Fire is a symbol infused with the duality of purpose. On the one hand, fire represents a tool for knowledge in that it can be used to light the way through darkness. This association with fire is connected to Dr. Frankenstein’s desire to explore the darker corners of science and discover the secret to giving life. His assistant Fritz directly connects other side of the fire equation to film: in the wrong hands fire becomes not a tool for knowledge for a weapon for destruction. Fritz’s sadistic—and ultimately masochistic—use of fire to torment the Creature is the realization of this symbolic aspect of the movie’s use of fire.
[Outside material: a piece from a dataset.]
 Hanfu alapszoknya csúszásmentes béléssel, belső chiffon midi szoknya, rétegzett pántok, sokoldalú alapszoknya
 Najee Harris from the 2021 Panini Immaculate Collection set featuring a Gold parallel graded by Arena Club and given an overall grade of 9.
Allegory: Rebooting the Status Quo
The original 1931 adaptation of Frankenstein climaxes with an ending that becomes such a repetitive motif for all it various sequels and inspirations that it retrospectively situates the film as allegory of how an insular, relatively backward and uneducated, rural community adopts a conservative reactionary collective mindset that views the introduction of anything new into society as a threat worthy of annihilation. The plain fact of the matter is that the townspeople reach for their pitchforks and torches (fire as a weapon) and proceed to hunt down Frankenstein and his Creature for a crime with very little evidence supporting their suspicion. No trial, no jury, no judge: just execution. The apparent death of the Creature as he falls from atop the burning windmill succeeds not in bringing justice to the villager, but in re-establishing the status quo. The replication of essentially the same ending in every subsequent Universal Studios sequel merely confirms the ignorance of such a reactionary approach to the unstable footing of progress. In this particular instance, the reboot to the status quo is quite literal, because the torch and pitchfork crowd seem content that everything is just as it was before...a world where the secret to reanimation belongs only to God.
The Abominable Lawbreaker
The Creature is not just feared and hated and hunted down because of the suspicion of having killed, of course. On a deeper symbolic level the Creature inspires fear because he represents an abomination. Having once been dead and now brought back to life, he is the living representation of the most inviolate and democratically applied law on the planet: everything must eventually die and stay dead. That the Creature has broken that most indissoluble terms of the contract of existence plants the seed of suspicion that anything is possible in the world of the unnatural.
The Mad Scientist
Although precursors initiated the template—especially Rotwang in Metropolis—the very moment that actor Colin Clive hits the perfect of the mixture of intense emotions overcoming Dr. Frankenstein when he cries “It’s alive…now I know what it feels like to be God” is the very moment that symbol of the Mad Scientist which populates thousands of movies and television shows was born.